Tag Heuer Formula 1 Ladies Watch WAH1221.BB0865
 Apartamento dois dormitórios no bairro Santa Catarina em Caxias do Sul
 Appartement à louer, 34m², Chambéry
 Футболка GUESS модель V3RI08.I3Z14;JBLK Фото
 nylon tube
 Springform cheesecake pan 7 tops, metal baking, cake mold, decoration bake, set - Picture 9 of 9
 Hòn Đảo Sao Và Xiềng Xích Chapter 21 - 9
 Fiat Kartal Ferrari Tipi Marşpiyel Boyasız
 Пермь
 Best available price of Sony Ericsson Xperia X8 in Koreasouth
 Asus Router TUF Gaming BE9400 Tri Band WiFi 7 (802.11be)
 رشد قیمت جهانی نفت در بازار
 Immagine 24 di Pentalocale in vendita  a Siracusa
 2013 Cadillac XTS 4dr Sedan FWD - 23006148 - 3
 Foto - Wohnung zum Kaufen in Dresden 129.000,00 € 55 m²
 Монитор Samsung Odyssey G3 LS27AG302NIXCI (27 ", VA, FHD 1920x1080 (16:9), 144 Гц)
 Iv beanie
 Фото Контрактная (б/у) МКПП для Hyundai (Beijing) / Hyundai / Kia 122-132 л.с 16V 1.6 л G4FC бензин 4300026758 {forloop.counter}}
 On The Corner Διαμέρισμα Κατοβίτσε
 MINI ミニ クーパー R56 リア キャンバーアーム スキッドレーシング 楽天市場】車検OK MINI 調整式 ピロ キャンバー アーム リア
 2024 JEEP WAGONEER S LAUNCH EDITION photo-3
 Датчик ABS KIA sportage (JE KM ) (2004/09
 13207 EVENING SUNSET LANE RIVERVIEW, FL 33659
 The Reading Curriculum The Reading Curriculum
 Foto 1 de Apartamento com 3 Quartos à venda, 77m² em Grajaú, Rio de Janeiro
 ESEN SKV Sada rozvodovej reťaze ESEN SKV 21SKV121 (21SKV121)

○ ○ ○

▸ **TASK STATEMENT**
Taking the entries from their first line through the line with "Best available price", inclusive, restate each line word for word and give nothing else.

▸ **SOLUTION TO THIS EXERCISE**
Tag Heuer Formula 1 Ladies Watch WAH1221.BB0865
 Apartamento dois dormitórios no bairro Santa Catarina em Caxias do Sul
 Appartement à louer, 34m², Chambéry
 Футболка GUESS модель V3RI08.I3Z14;JBLK Фото
 nylon tube
 Springform cheesecake pan 7 tops, metal baking, cake mold, decoration bake, set - Picture 9 of 9
 Hòn Đảo Sao Và Xiềng Xích Chapter 21 - 9
 Fiat Kartal Ferrari Tipi Marşpiyel Boyasız
 Пермь
 Best available price of Sony Ericsson Xperia X8 in Koreasouth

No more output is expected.